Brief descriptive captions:
----
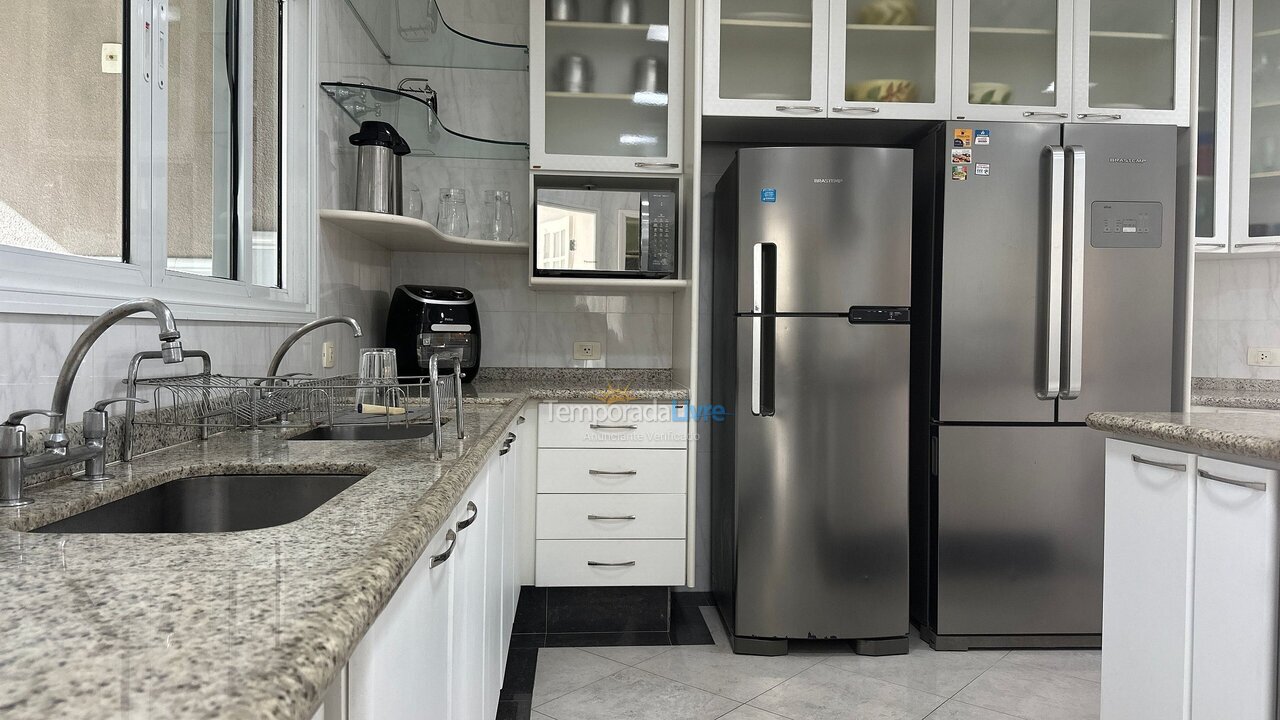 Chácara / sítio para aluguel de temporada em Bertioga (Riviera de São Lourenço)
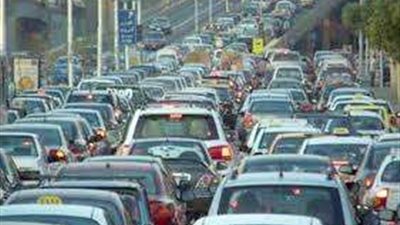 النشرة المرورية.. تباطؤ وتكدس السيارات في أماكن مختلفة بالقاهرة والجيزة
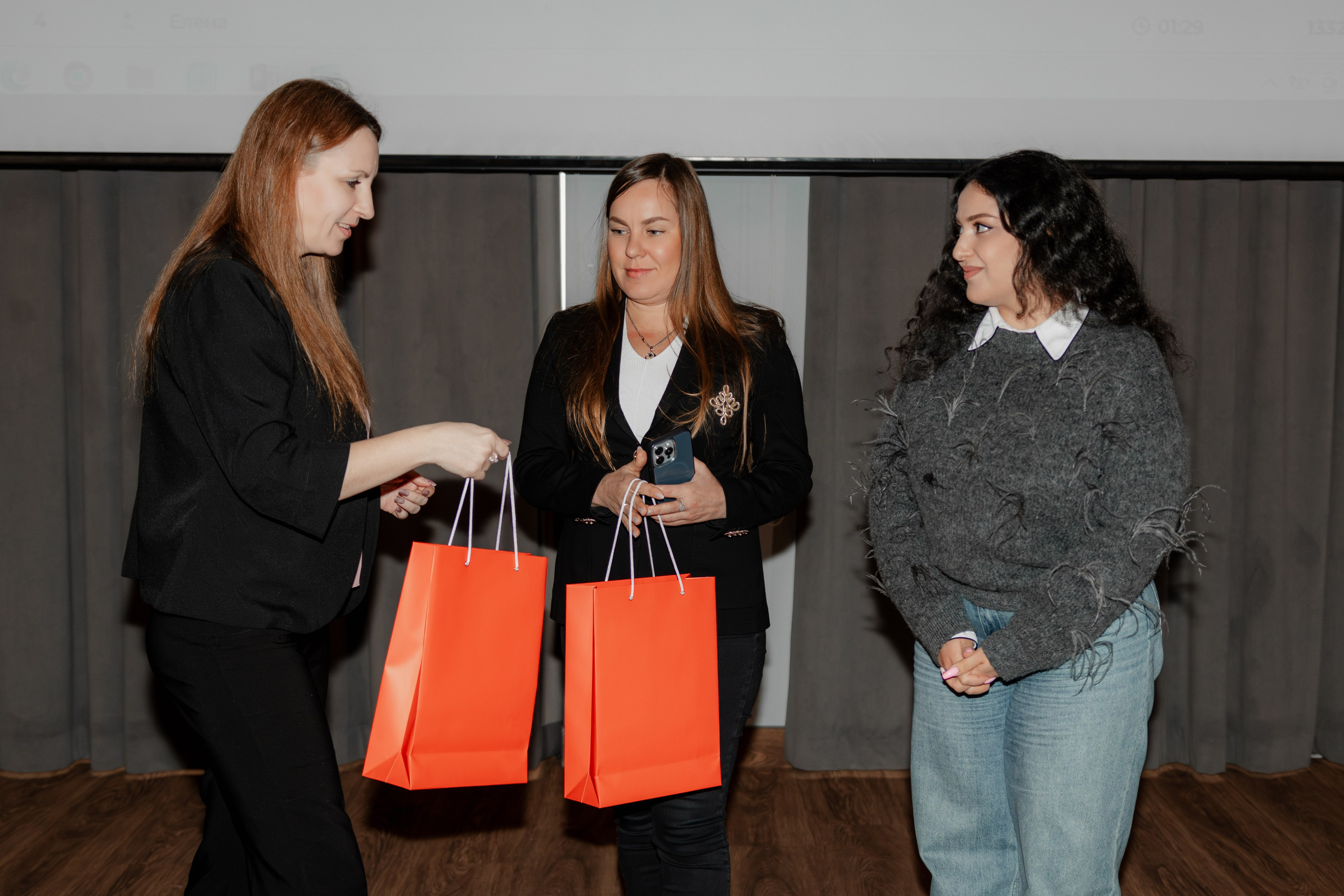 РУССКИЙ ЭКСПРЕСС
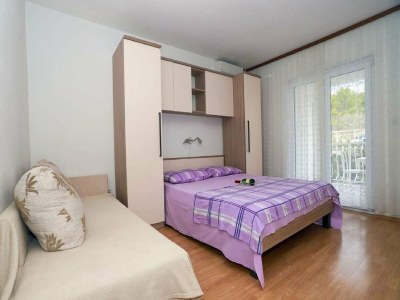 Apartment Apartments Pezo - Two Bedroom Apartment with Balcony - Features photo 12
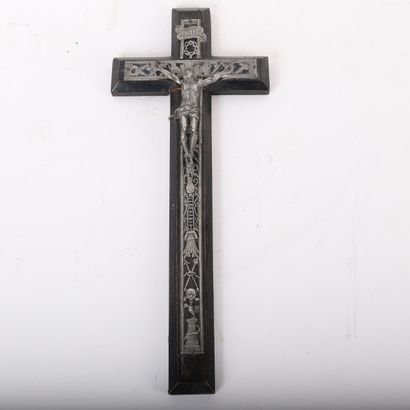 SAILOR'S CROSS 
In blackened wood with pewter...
----
ACTIVITY: The records above must be repeated exactly, minus their pictures.

RESPONSE AREA:
 Chácara / sítio para aluguel de temporada em Bertioga (Riviera de São Lourenço)
 النشرة المرورية.. تباطؤ وتكدس السيارات في أماكن مختلفة بالقاهرة والجيزة
 РУССКИЙ ЭКСПРЕСС
 Apartment Apartments Pezo - Two Bedroom Apartment with Balcony - Features photo 12
 SAILOR'S CROSS 
In blackened wood with pewter...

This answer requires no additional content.